Not too much to report today. Physically, I am feeling better and growing stronger every day. I can now get up and down off the couch with ease, turn over in my bed, and yes, my friends, I can shave my legs! Can I get a whoop WHOOP?!
I still am unable to sit at the table with the family, but I think that will be a possibility within the next week. And even though I am feeling better, I recognize that I am still very weak. Just taking a shower wipes me out and makes my joints ache.
So, as I said, growing stronger every day... but not there yet.
Hormonally and emotionally, things seem to be back to normal (whatever that is). The waterworks have dried up, and the feelings of on-the-verge panic have subsided. I still cannot think too in-depth about the delivery without reigniting those feelings, but the Lord is helping me to focus my thoughts elsewhere when those fears start creeping up on me. "What time I am afraid, I will trust in Thee."
I am really looking forward to today. Grandma, Grandpa, and Chloe have taken off with one of the pastors to hit the highlights in Seoul. That leaves me and the little one alone. I'm almost beside myself not knowing what to do first (after I blog, of course. I do still have my priorities, people).

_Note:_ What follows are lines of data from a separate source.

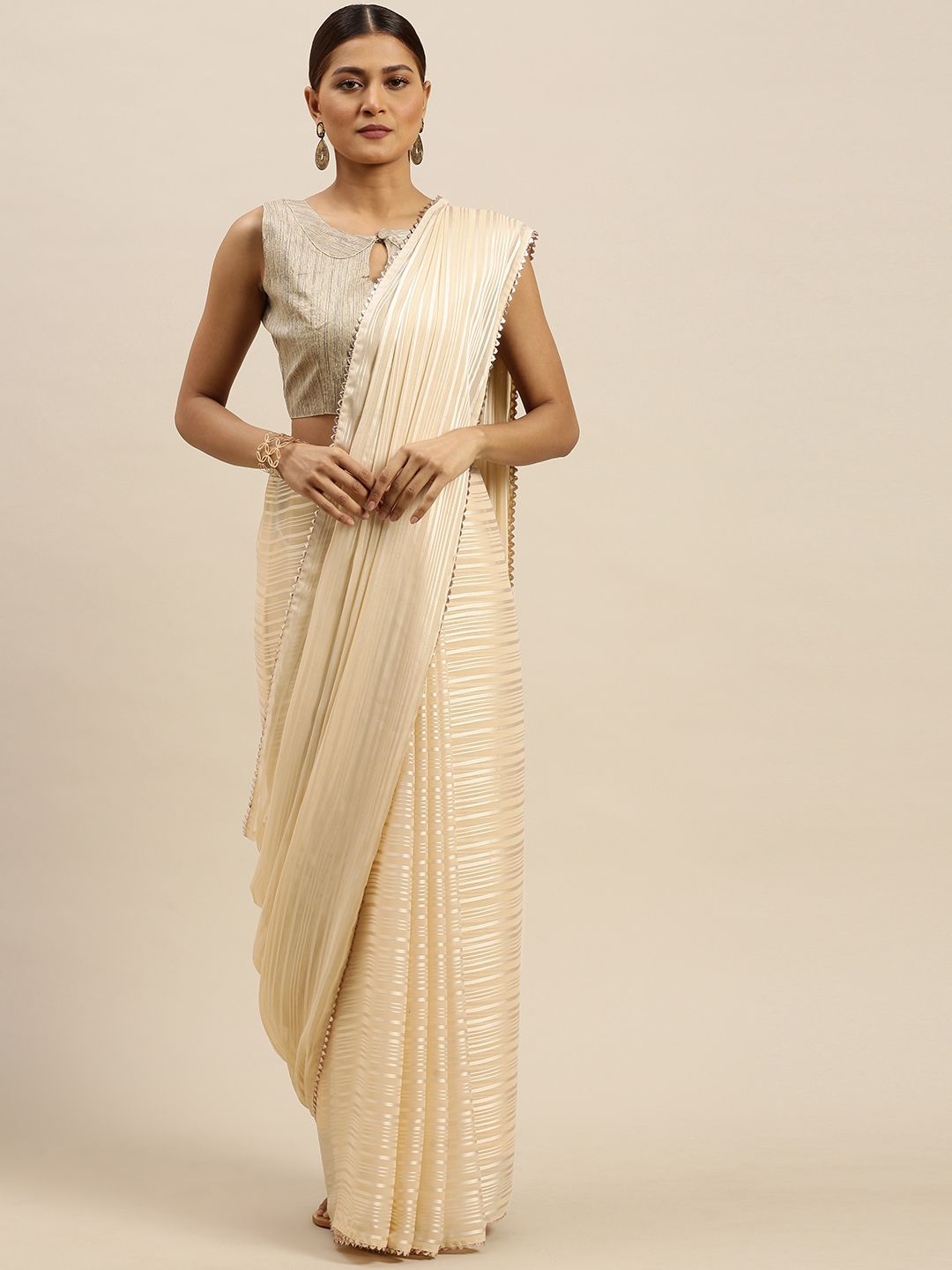 Saree mall Cream-Coloured Pure Georgette Striped Mysore Silk Saree Price in India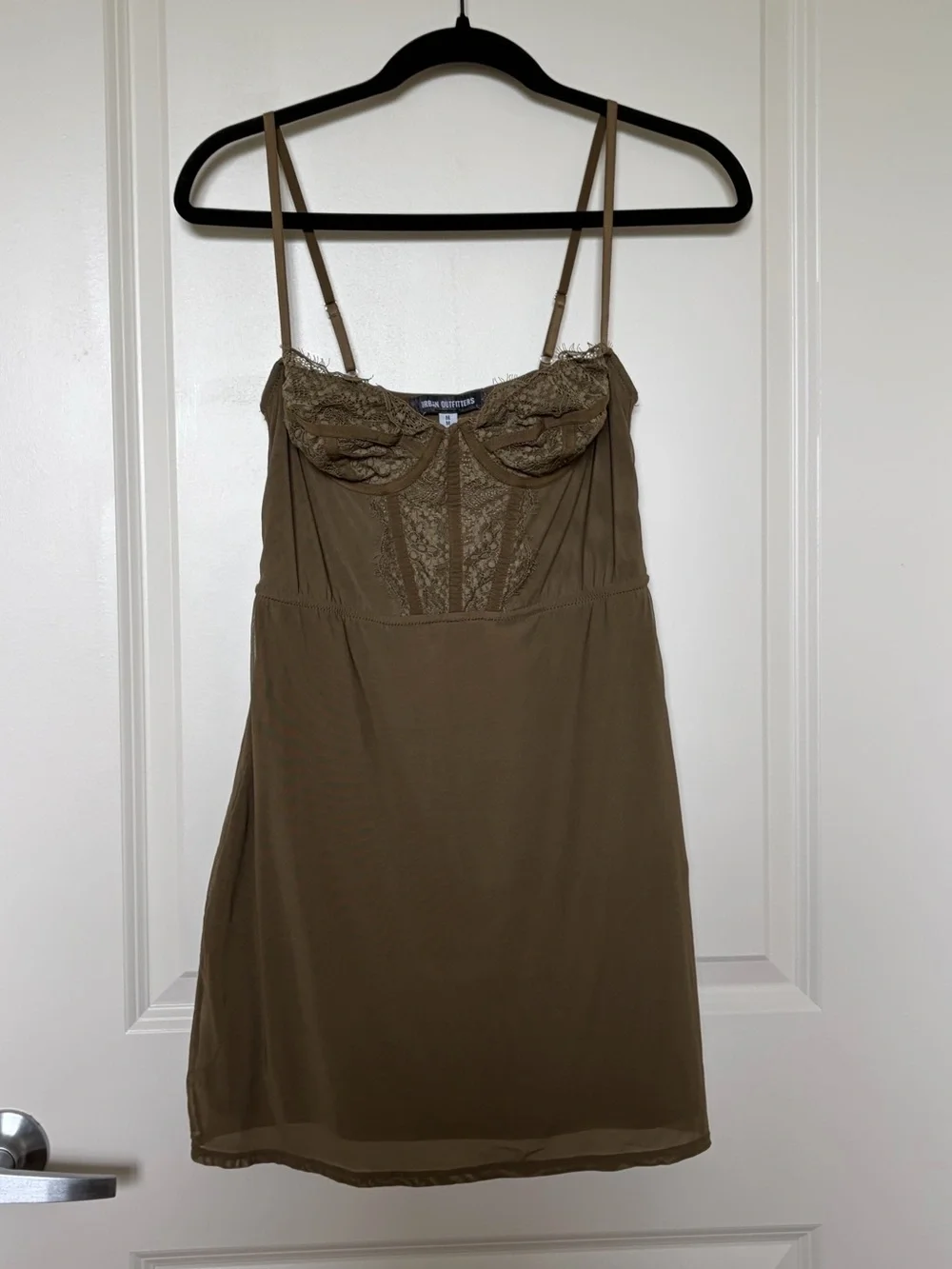 Urban Outfitters Olive Lace-Trim Slip Dress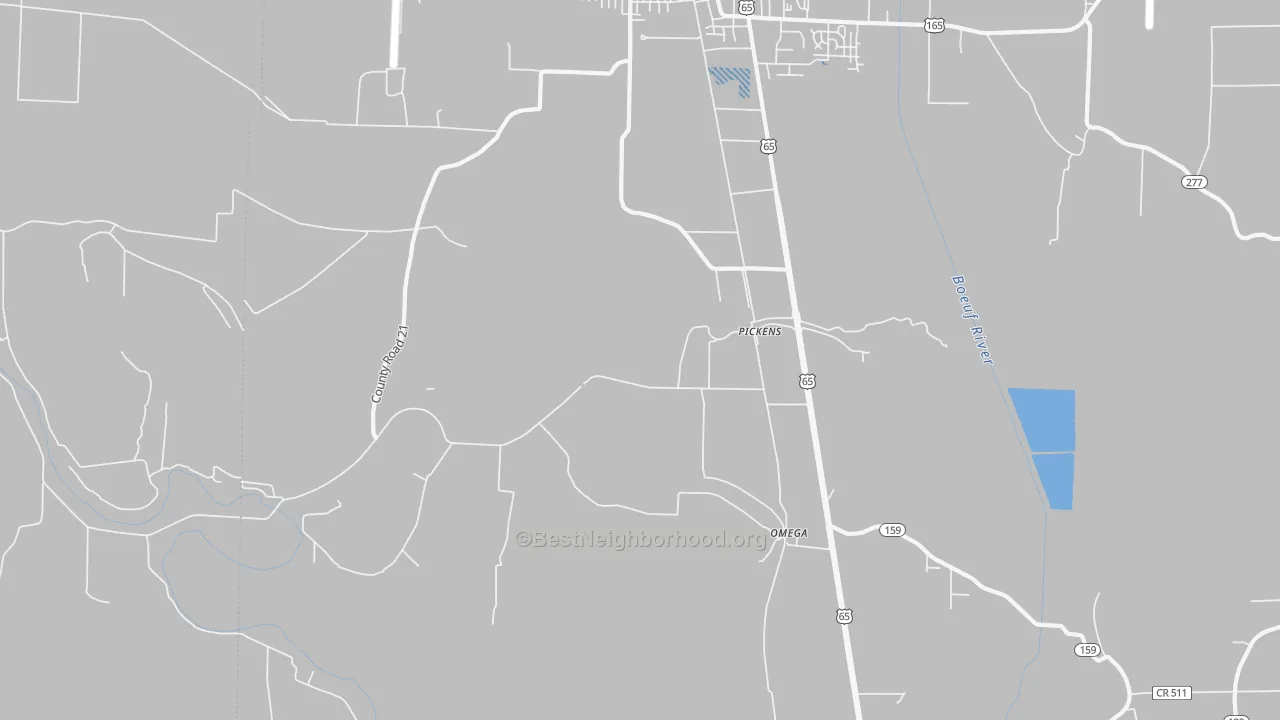 Transit Grade map of Pickens, AR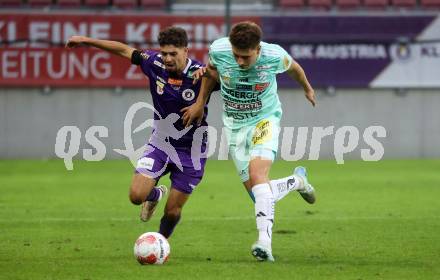 Fussball Bundesliga.  SK Austria Klagenfurt gegen TSV Egger Glas Hartberg .  Ben Bobzien,  (Klagenfurt),  Marco Phillip Hoffmann (Hartberg). Klagenfurt, am 21.9.2024.
Foto: Kuess
www.qspictures.net
---
pressefotos, pressefotografie, kuess, qs, qspictures, sport, bild, bilder, bilddatenbank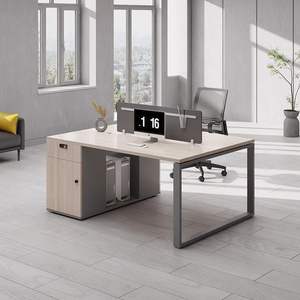 Escritorio de Oficina Moderno Combinado con Cajones, Estructura Metálica, Uso Comercial, Estación de Trabajo con Separación para Seis Personas - Product Image 3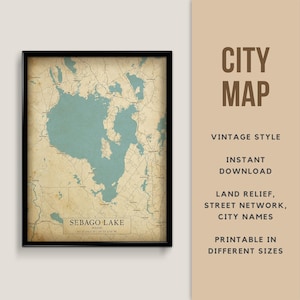 Vintage Style Map of Sebago Lake, Maine, USA with City Names - Instant Download \ Lake Map \ Wall Art \ Printable Poster \ Lake House Decor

So I think I'll do a little reading: Transforming Grace by Jerry Bridges, and Tuesdays With Morrie by Mitch Albom.
Then perhaps watch a movie: Finding Neverland
I suppose I should throw a nap or two in there for good measure.
Lest ye think I'm being just plain lazy, I'll have you know that I did just start a load of laundry, and I do plan on hanging it up before the day is done. I'm nothing if not ambitious.
It's a hard life, folks, a haaard life.